__DIRECTIONS__. Below this sentence is a listing; return exactly its lines from the one with "بلوز دورس لایکرا آستین افتاده" to the one with "St. Vincent de", both kept, and nothing more.

__EXTRACTED ENTRIES__.
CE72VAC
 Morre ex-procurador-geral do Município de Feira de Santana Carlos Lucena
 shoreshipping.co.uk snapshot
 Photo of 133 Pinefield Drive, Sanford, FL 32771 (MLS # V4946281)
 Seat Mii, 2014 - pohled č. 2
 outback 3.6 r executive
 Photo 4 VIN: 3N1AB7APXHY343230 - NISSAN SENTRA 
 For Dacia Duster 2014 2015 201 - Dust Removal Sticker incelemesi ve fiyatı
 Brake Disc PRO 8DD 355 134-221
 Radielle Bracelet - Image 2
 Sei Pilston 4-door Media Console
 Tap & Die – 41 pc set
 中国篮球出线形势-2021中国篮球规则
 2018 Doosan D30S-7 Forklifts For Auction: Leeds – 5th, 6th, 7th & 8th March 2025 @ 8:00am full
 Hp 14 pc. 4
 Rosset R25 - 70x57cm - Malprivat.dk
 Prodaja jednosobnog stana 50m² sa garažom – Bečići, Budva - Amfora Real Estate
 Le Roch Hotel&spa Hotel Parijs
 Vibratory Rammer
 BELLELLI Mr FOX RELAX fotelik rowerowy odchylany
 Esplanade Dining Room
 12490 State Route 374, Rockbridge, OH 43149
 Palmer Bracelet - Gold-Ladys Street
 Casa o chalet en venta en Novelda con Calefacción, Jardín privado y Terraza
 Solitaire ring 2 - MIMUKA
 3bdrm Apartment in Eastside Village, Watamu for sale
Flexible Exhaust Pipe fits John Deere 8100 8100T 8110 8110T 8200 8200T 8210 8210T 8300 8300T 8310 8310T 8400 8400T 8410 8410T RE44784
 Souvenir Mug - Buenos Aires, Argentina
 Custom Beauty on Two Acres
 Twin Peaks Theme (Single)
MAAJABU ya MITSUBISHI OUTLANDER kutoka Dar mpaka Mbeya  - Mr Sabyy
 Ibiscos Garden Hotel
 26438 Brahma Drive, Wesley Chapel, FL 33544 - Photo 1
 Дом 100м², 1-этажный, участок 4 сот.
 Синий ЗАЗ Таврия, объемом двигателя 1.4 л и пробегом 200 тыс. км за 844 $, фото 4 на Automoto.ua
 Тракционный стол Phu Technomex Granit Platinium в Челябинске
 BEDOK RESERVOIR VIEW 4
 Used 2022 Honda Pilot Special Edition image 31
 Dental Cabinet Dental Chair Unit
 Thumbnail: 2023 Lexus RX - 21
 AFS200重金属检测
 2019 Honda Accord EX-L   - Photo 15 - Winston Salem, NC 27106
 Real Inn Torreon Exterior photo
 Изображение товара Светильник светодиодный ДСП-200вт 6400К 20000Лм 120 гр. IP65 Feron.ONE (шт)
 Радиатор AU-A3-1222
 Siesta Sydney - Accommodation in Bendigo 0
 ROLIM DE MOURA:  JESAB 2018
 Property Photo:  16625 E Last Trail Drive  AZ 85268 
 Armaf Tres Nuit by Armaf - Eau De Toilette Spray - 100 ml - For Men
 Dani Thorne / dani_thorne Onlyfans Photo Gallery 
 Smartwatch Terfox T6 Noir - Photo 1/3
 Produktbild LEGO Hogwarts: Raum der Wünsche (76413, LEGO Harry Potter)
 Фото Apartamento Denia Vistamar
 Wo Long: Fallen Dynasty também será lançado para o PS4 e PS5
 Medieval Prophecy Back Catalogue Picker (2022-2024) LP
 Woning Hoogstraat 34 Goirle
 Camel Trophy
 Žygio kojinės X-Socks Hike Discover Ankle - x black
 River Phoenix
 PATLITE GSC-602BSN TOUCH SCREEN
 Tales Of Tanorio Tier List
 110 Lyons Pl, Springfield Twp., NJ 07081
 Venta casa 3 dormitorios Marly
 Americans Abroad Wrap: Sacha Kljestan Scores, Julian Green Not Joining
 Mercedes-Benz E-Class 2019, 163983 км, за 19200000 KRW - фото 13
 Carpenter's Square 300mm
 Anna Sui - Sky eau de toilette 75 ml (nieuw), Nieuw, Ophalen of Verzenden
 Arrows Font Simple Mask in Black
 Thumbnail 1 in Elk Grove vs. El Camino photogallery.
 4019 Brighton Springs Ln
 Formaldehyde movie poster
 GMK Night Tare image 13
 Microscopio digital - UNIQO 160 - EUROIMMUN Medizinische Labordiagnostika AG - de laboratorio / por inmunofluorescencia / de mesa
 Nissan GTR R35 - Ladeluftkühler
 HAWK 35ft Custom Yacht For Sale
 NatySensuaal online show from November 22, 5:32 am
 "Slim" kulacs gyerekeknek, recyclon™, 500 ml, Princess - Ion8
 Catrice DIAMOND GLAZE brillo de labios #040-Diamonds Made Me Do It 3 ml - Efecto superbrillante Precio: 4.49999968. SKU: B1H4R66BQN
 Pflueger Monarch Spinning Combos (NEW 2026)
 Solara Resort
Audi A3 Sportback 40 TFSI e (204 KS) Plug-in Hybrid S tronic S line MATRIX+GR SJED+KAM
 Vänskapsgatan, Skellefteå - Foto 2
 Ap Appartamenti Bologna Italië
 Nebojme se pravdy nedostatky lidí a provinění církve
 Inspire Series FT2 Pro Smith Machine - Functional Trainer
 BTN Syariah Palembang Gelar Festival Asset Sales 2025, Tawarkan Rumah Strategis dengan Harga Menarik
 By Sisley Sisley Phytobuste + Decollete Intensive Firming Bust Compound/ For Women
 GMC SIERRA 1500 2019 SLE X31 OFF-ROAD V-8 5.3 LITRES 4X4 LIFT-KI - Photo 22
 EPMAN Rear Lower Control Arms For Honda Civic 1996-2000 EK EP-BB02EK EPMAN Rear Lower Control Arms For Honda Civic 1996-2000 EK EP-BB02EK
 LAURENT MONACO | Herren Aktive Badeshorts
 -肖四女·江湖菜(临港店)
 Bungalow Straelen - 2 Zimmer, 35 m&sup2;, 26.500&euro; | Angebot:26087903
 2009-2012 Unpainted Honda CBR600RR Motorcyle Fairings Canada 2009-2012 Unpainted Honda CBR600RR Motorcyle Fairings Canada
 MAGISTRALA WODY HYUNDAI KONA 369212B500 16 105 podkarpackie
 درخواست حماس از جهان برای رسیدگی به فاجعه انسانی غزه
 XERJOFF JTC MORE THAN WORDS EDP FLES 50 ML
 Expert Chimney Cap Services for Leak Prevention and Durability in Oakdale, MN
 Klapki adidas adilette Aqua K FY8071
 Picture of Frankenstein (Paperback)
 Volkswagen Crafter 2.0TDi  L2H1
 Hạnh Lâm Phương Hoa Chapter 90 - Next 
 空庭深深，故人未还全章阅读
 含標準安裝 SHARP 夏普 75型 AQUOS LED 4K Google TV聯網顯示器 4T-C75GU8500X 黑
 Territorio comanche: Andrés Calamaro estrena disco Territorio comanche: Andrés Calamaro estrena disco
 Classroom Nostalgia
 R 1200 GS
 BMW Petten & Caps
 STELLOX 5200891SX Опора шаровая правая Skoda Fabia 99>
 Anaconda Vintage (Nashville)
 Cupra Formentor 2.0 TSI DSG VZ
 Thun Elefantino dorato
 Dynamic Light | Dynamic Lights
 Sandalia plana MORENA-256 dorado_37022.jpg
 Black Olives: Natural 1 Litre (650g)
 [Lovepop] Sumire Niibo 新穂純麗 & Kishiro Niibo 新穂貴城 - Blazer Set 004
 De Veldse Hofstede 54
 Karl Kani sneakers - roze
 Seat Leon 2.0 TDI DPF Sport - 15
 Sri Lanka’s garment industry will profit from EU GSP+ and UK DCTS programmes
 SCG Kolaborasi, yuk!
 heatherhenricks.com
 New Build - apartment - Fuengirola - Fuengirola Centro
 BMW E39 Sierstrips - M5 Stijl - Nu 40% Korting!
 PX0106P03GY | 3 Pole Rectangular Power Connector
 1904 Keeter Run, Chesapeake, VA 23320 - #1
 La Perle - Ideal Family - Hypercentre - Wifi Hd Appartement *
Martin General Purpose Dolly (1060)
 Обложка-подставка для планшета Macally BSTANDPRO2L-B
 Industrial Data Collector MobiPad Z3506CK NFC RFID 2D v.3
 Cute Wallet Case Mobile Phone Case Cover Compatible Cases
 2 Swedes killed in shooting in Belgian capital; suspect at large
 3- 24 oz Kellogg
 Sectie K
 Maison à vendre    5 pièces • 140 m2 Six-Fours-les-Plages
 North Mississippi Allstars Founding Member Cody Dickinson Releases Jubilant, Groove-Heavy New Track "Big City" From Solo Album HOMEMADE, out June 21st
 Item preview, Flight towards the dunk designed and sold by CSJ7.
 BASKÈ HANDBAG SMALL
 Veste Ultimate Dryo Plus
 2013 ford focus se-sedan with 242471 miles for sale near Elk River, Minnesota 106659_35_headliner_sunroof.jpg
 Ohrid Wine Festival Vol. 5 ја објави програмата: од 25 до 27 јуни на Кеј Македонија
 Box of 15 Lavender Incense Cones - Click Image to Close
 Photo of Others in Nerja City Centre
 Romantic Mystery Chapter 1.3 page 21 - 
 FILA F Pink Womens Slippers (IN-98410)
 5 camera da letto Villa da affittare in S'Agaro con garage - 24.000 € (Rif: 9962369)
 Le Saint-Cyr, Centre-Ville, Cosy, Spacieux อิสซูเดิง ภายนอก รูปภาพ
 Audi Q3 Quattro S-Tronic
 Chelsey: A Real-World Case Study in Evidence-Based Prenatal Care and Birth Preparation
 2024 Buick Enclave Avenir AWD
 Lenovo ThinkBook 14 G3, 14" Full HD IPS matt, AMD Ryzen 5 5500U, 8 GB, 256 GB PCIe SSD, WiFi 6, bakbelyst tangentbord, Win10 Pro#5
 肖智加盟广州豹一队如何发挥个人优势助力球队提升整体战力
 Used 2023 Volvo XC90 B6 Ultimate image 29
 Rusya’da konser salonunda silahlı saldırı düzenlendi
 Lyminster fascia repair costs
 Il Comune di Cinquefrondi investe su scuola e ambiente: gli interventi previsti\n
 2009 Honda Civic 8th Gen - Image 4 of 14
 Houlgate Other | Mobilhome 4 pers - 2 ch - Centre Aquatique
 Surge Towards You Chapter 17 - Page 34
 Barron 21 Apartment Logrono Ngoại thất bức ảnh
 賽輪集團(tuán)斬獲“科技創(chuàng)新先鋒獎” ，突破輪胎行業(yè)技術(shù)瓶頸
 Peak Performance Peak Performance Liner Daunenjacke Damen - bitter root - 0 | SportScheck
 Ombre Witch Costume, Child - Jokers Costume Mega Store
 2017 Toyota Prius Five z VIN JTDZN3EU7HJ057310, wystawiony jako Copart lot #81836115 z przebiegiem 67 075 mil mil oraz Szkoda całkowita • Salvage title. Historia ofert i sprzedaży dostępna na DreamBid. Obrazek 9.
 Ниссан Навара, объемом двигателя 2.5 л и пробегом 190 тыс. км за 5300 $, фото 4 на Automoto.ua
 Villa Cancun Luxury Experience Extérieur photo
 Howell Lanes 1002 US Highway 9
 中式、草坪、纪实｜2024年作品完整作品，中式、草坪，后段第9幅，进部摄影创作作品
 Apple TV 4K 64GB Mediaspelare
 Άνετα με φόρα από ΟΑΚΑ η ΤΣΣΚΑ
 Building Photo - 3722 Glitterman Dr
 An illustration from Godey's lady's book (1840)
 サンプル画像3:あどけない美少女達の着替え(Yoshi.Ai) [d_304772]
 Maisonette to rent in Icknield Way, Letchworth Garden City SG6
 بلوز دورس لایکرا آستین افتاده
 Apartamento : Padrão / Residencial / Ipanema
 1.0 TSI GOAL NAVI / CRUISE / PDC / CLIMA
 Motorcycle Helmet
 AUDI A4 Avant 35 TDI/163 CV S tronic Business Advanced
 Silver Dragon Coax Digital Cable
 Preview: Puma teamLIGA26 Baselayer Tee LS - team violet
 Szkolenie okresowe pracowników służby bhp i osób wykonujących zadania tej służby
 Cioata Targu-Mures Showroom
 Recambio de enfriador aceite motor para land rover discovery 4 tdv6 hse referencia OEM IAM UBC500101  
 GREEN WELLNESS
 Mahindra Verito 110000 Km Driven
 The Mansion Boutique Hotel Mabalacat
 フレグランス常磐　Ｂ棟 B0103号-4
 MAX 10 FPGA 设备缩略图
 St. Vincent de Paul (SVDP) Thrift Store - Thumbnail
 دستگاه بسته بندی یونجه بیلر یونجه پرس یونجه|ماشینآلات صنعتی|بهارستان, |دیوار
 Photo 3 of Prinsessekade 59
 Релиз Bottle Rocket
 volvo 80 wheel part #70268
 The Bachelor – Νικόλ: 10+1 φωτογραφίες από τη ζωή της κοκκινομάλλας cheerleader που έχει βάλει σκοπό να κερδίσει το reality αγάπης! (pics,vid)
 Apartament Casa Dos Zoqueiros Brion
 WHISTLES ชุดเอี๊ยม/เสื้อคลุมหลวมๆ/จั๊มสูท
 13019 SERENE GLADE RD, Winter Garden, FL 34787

__OUTPUT__.
 بلوز دورس لایکرا آستین افتاده
 Apartamento : Padrão / Residencial / Ipanema
 1.0 TSI GOAL NAVI / CRUISE / PDC / CLIMA
 Motorcycle Helmet
 AUDI A4 Avant 35 TDI/163 CV S tronic Business Advanced
 Silver Dragon Coax Digital Cable
 Preview: Puma teamLIGA26 Baselayer Tee LS - team violet
 Szkolenie okresowe pracowników służby bhp i osób wykonujących zadania tej służby
 Cioata Targu-Mures Showroom
 Recambio de enfriador aceite motor para land rover discovery 4 tdv6 hse referencia OEM IAM UBC500101  
 GREEN WELLNESS
 Mahindra Verito 110000 Km Driven
 The Mansion Boutique Hotel Mabalacat
 フレグランス常磐　Ｂ棟 B0103号-4
 MAX 10 FPGA 设备缩略图
 St. Vincent de Paul (SVDP) Thrift Store - Thumbnail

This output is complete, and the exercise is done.